Ces accords, paraphés respectivement en 2017 et 2013, sont sans lien avec les conflits que traversent ces États actuellement, mais ils revêtent aujourd'hui une portée symbolique.

II. LE CONTENU DES ACCORDS SUR LA CRÉATION D'UN ESPACE AÉRIEN AVEC L'ARMÉNIE ET L'UKRAINE

L'accord avec l'Arménie a été rapidement conclu puisqu'une seule rencontre a été nécessaire pour parvenir à un accord. En revanche, les négociations avec l'Ukraine ont été plus longues en raison de la question des certifications dans le domaine de la sécurité auxquelles sont soumis les constructeurs aéronautique s ukrainiens.

Les accords sur la création d'un espace aérien avec l'Arménie et l'Ukraine répondent aux standards des autres accords conclus avec les pays du voisinage. Seul celui avec l'Ukraine comporte des clauses spécifiques, dues au fait que l'Ukraine dispose d'une industrie aéronautique importante.

Autre différence, la France et l'Ukraine étaient précédemment liées par un accord bilatéral, ce qui n'était pas le cas avec l'Arménie.

Leur structure diffère, quatre années séparant leur rédaction, mais leurs contenus restent très proches, et surtout, conformes aux autres accords de ce type conclus avec les pays du voisinage de l'Union européenne.

En outre, les deux accords prévoient une application provisoire à compter de leurs signatures, soit depuis le 15 novembre 2021 pour l'Arménie et depuis le 12 octobre 2021 pour l'Ukraine.

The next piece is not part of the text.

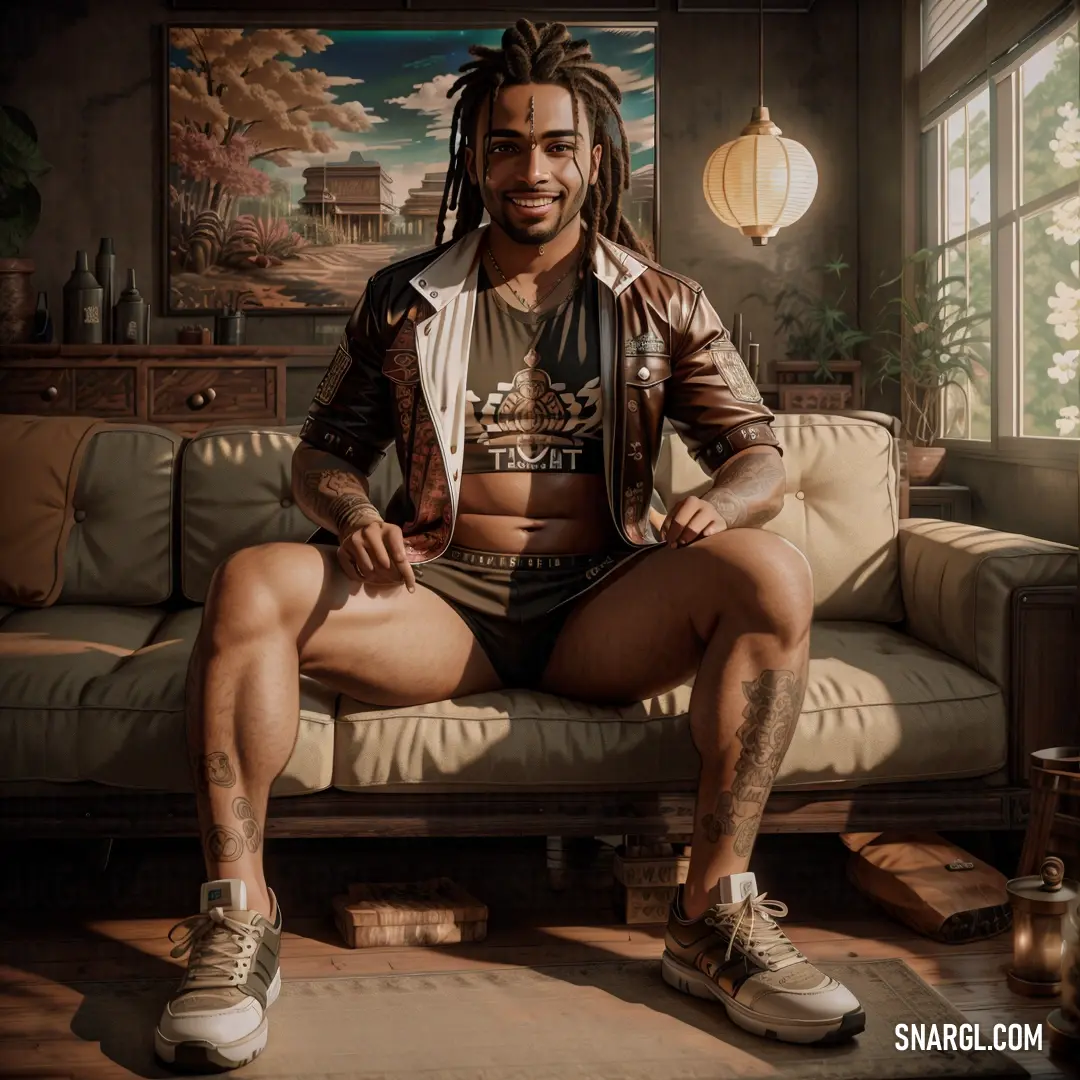 Man with dreadlocks on a couch in a living room with a painting behind him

A. DISPOSITIONS ÉCONOMIQUES

Ces dispositions sont traitées dans le Titre I dans l'accord avec l'Arménie et dans le Titre III dans celui qui concerne l'Ukraine.

Il s'agit principalement de l'octroi des droits commerciaux : les transporteurs européens pourront desservir, au départ de tout aéroport de l'Union européenne, tout aéroport d'Arménie ou d'Ukraine (droits dits de 3ème et 4ème liberté). Ces droits sont réciproques : une compagnie aérienne arménienne ou ukrainienne pourra opérer des vols directs illimités vers n'importe quel point de l'Union européenne.

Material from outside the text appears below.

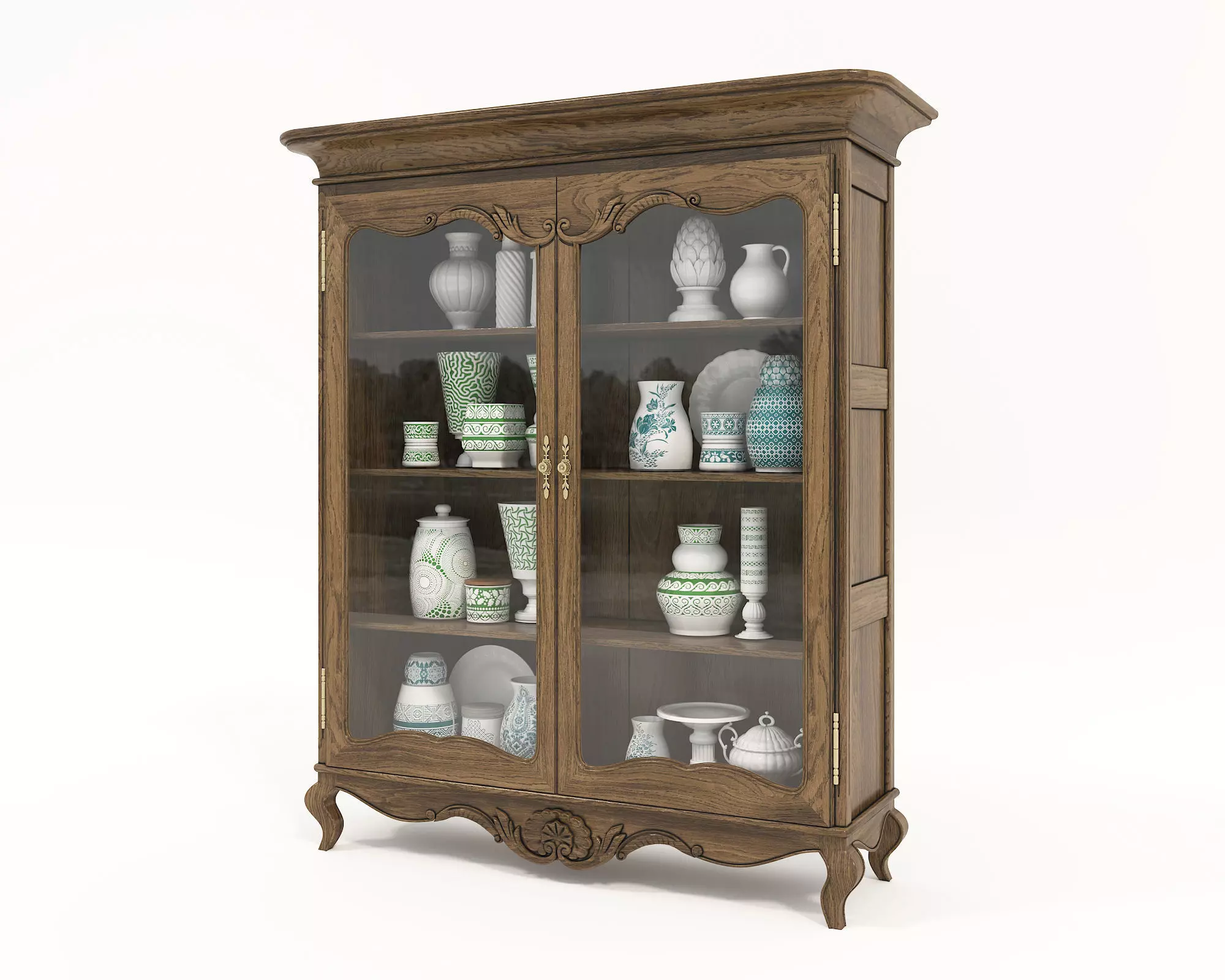 Classic Display Cabinet and Decoration 9 3D model_1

Toutefois, ces droits nécessitent d'être en conformité avec les normes de sécurité, ce qui n'est pas le cas des compagnies arméniennes. Celles-ci pourront tout de même affréter une compagnie aérienne d'un autre pays qui remplit ces normes pour utiliser les droits aériens prévus par l'accord.

Enfin, lorsque l'Arménie et l'Ukraine auront atteint un niveau suffisant d'application de l'acquis communautaire, attesté par les évaluations périodiques des services de la Commission, les transporteurs européens pourront effectuer des vols via un point intermédiaire dans certains États tiers, ou au-delà de l'Arménie ou de l'Ukraine, vers des États tiers (droits de 5ème liberté).

Les transporteurs arméniens et ukrainiens bénéficieront des mêmes libertés, mais sans possibilité d'exercer des droits de 5ème liberté au-delà des pays de l'Union européenne.

Sont également prévues les conditions d'attribution ou de retrait des autorisations d'exploitation des transporteurs aériens, la possibilité d'investir dans les entreprises de transports aériens de l'autre partie, les activités commerciales autorisées, les droits de douane et taxes, les redevances d'usage, la liberté de fixer les tarifs.

Enfin, chaque accord dispose d'un article dédié aux conditions nécessaires à une « concurrence équitable », qui implique, notamment, la suppression, sauf exception, des différentes formes de subventions publiques.

L'accord avec l'Ukraine dispose d'un article spécifique, ce pays présentant la particularité d'avoir une industrie aéronautique importante capable de construire de grands aéronefs. Il traite de la coopération industrielle entre les constructeurs aéronautiques européens et ukrainiens et mentionne que la certification ukrainienne dans le domaine de la sécurité est exclue de l'annexe 1 mentionnant les normes européennes à intégrer.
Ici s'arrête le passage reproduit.